:: Problem description ::
Go to the line below that has "Installing sand bedding", print it and each line after it exactly, and stop after the line that has "The Tonight Show"; leave out pictures.
-------- Recorded data --------
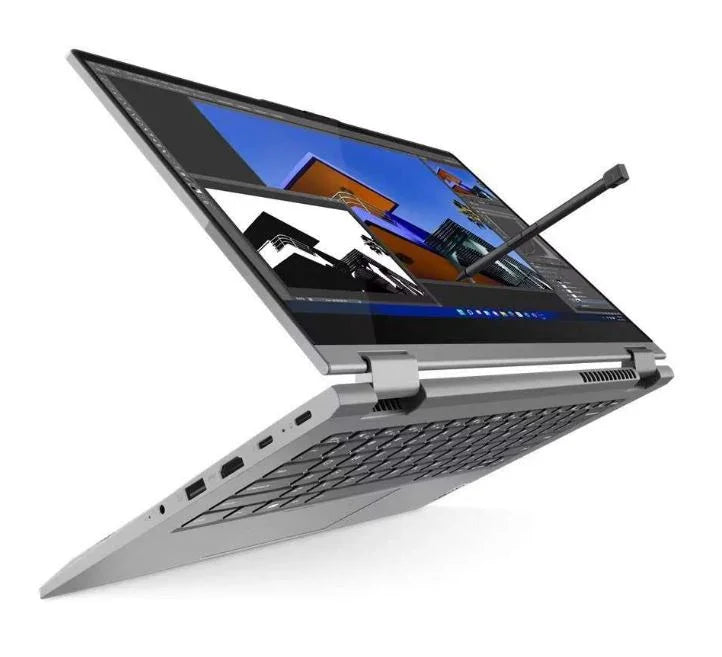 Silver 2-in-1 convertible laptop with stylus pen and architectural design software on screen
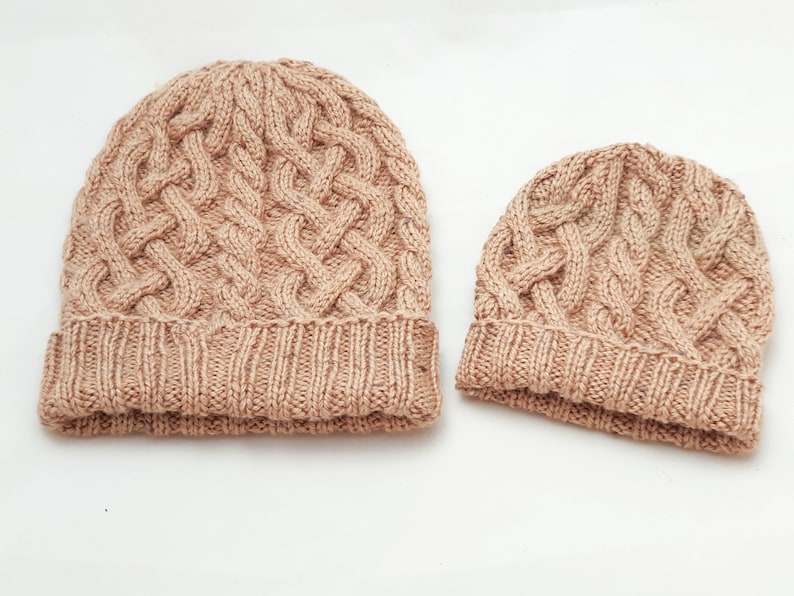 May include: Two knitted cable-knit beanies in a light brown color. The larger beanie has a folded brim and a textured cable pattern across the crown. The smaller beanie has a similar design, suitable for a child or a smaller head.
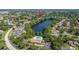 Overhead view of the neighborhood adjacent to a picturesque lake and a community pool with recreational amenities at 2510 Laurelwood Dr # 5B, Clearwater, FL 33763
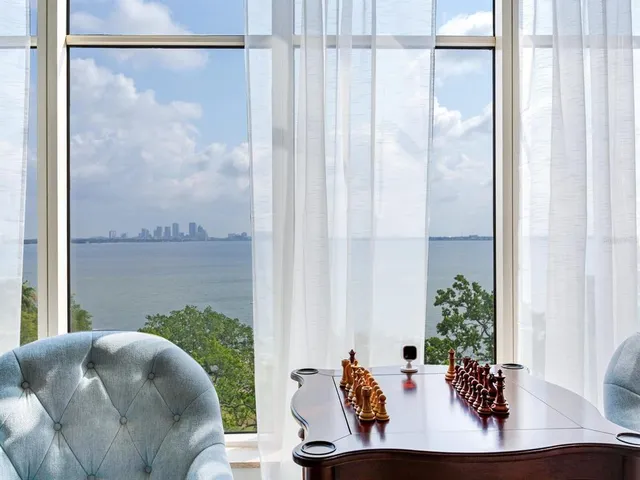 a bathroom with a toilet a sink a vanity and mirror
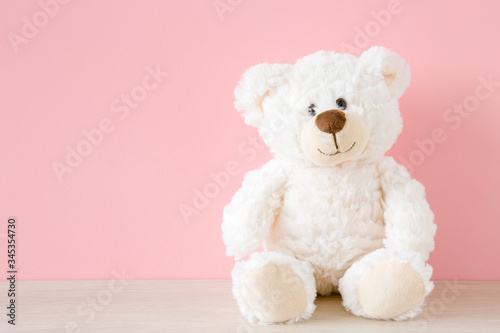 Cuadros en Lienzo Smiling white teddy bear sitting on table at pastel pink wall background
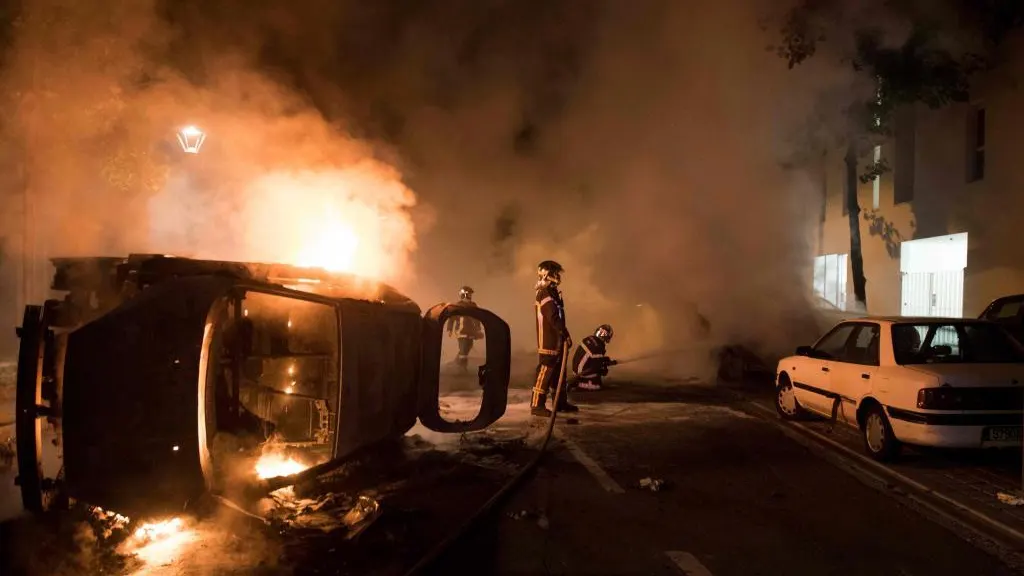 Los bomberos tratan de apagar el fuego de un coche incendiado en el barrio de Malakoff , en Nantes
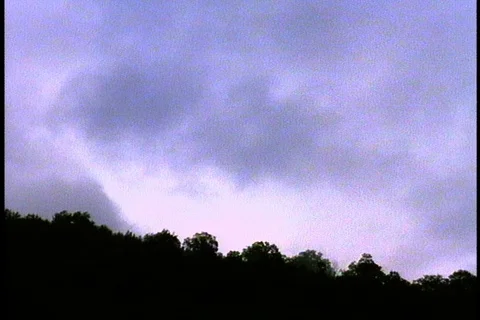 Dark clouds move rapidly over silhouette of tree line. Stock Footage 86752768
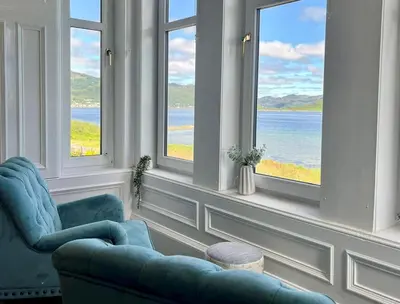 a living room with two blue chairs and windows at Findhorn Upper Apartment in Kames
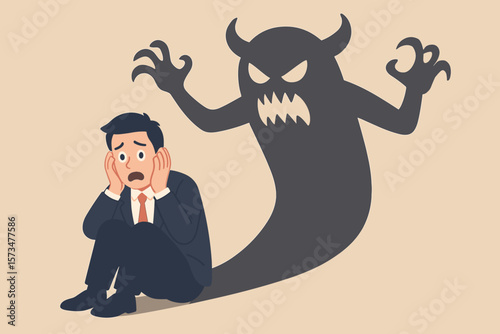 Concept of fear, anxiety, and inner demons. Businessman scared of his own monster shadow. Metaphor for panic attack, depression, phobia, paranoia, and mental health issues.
--------
-------- Recorded data --------
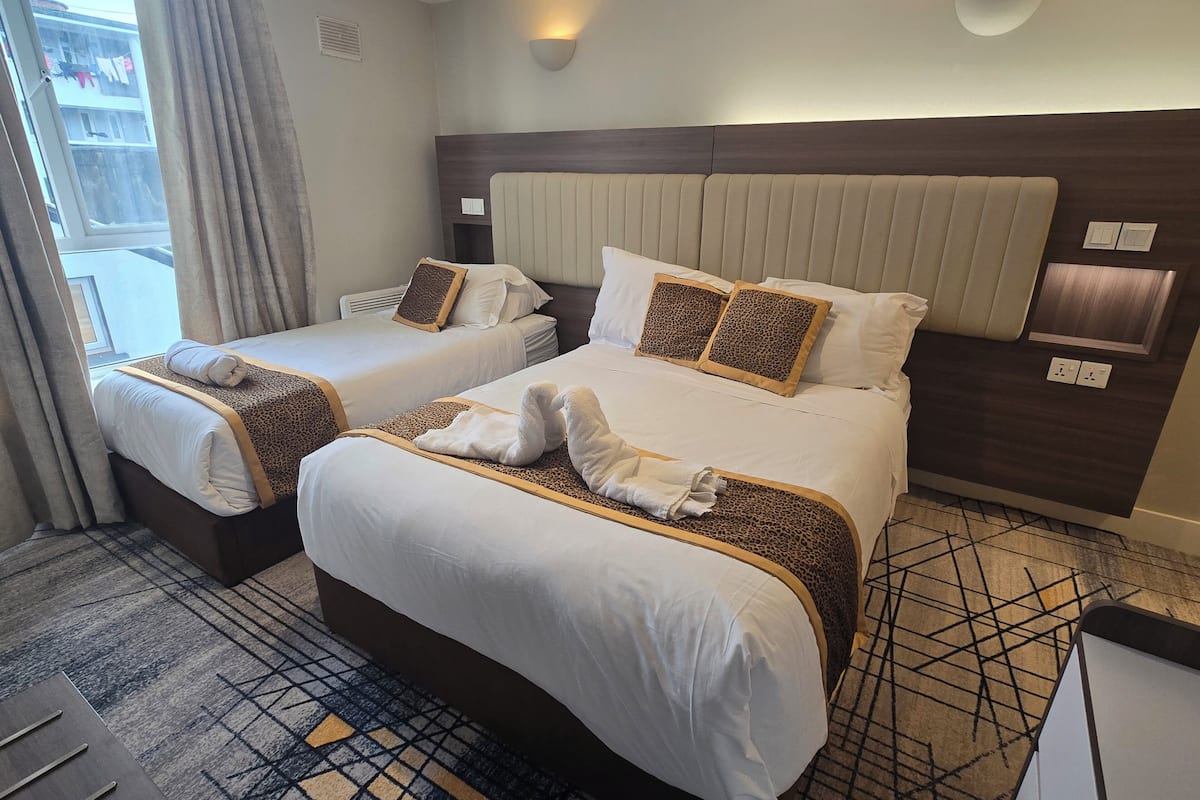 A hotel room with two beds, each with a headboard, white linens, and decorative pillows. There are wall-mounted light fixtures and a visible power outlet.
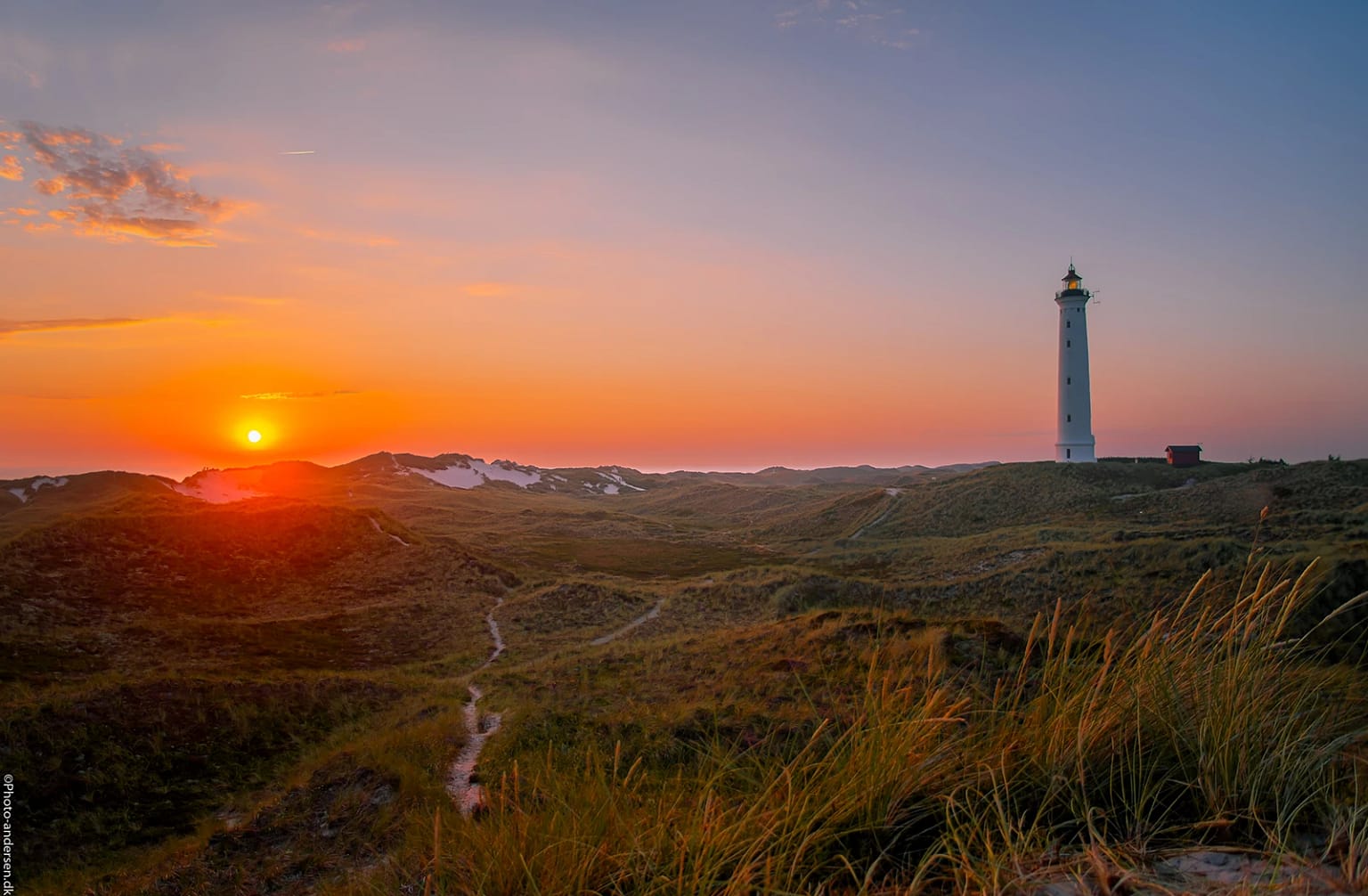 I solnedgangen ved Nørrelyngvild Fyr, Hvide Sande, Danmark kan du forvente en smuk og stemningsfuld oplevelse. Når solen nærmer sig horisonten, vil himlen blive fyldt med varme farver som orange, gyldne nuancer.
--------
-------- Recorded data --------
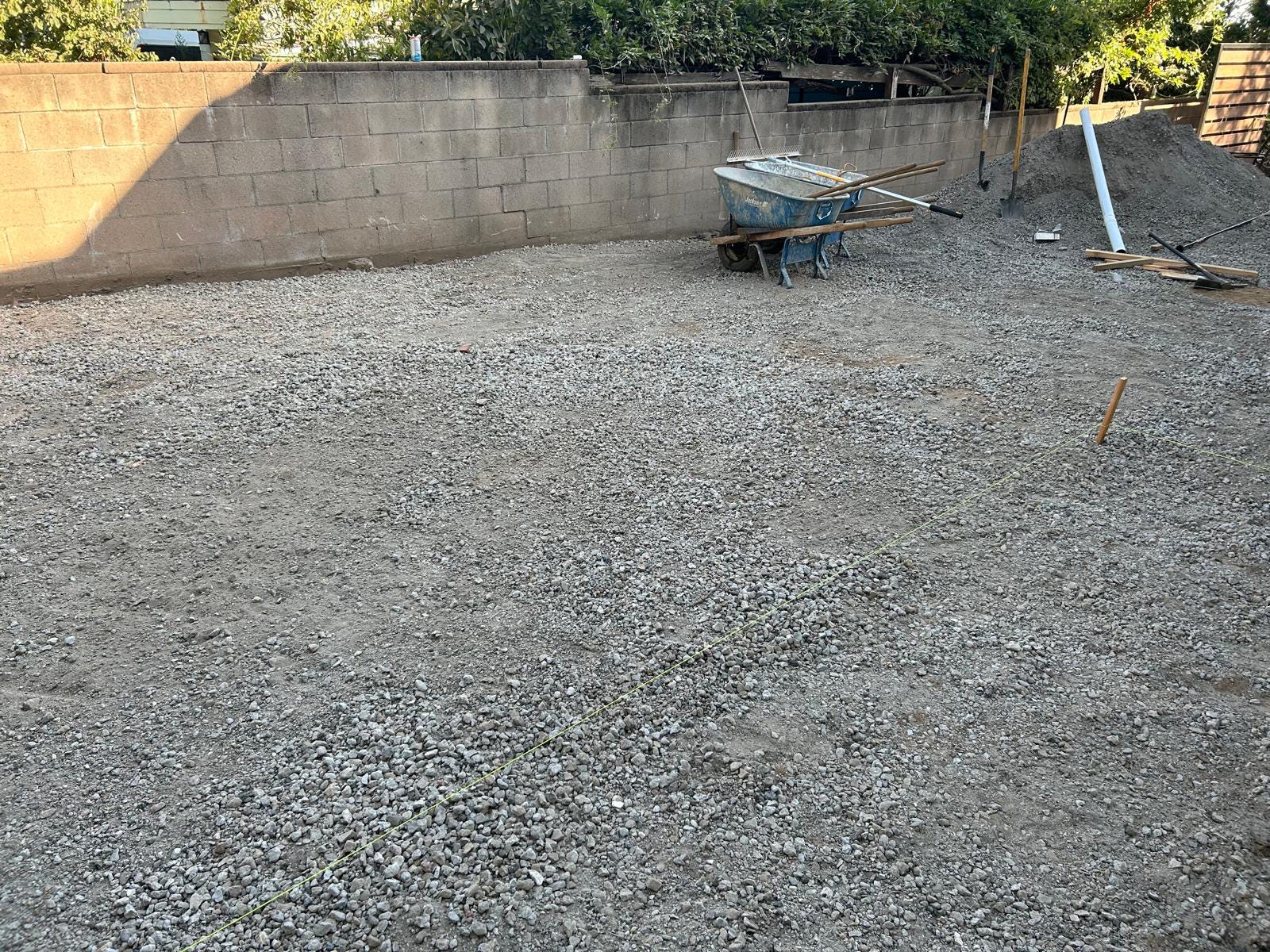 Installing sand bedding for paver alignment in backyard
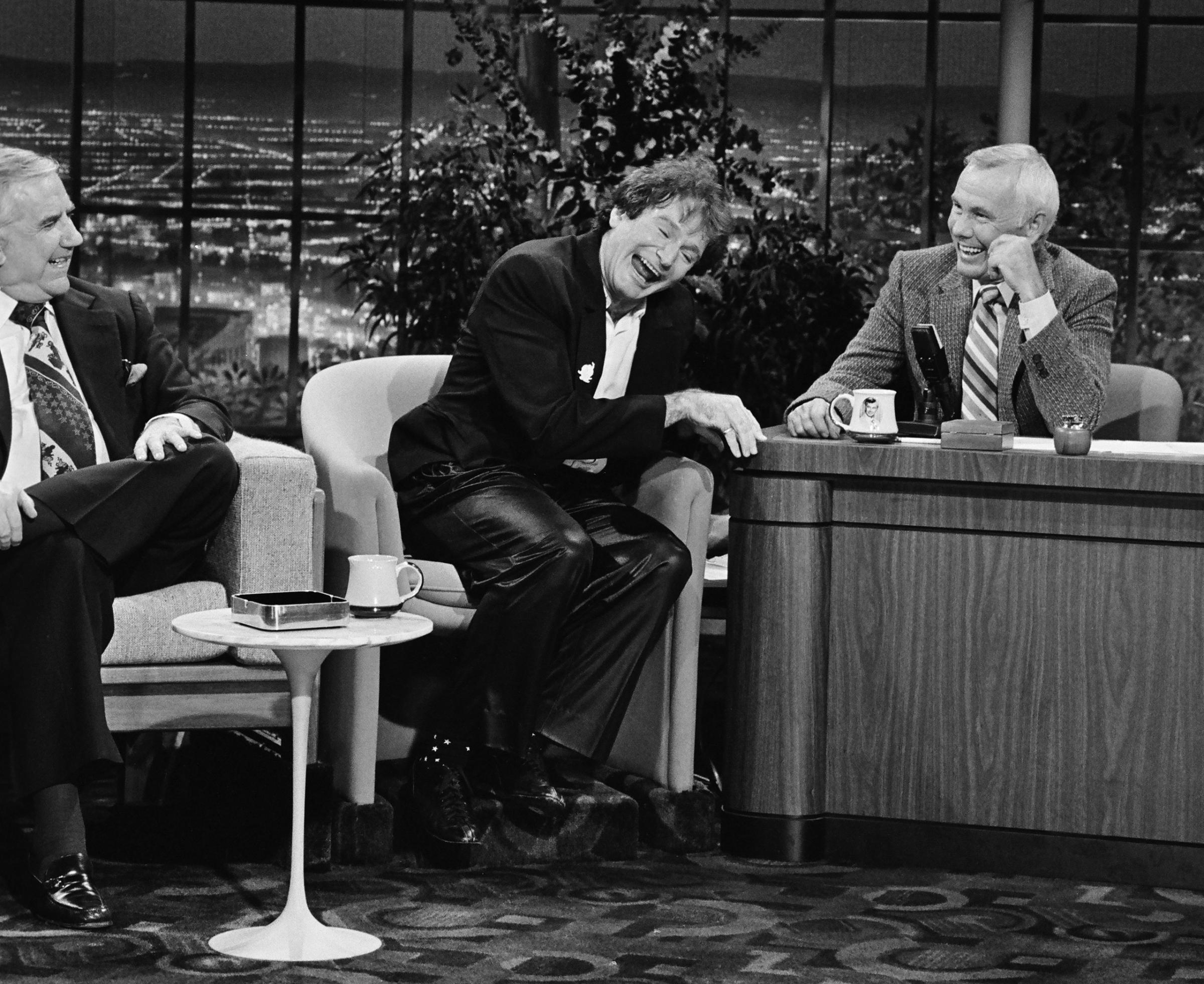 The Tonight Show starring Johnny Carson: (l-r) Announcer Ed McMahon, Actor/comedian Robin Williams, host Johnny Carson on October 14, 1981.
--------
:: Result of the task ::
 Installing sand bedding for paver alignment in backyard
 The Tonight Show starring Johnny Carson: (l-r) Announcer Ed McMahon, Actor/comedian Robin Williams, host Johnny Carson on October 14, 1981.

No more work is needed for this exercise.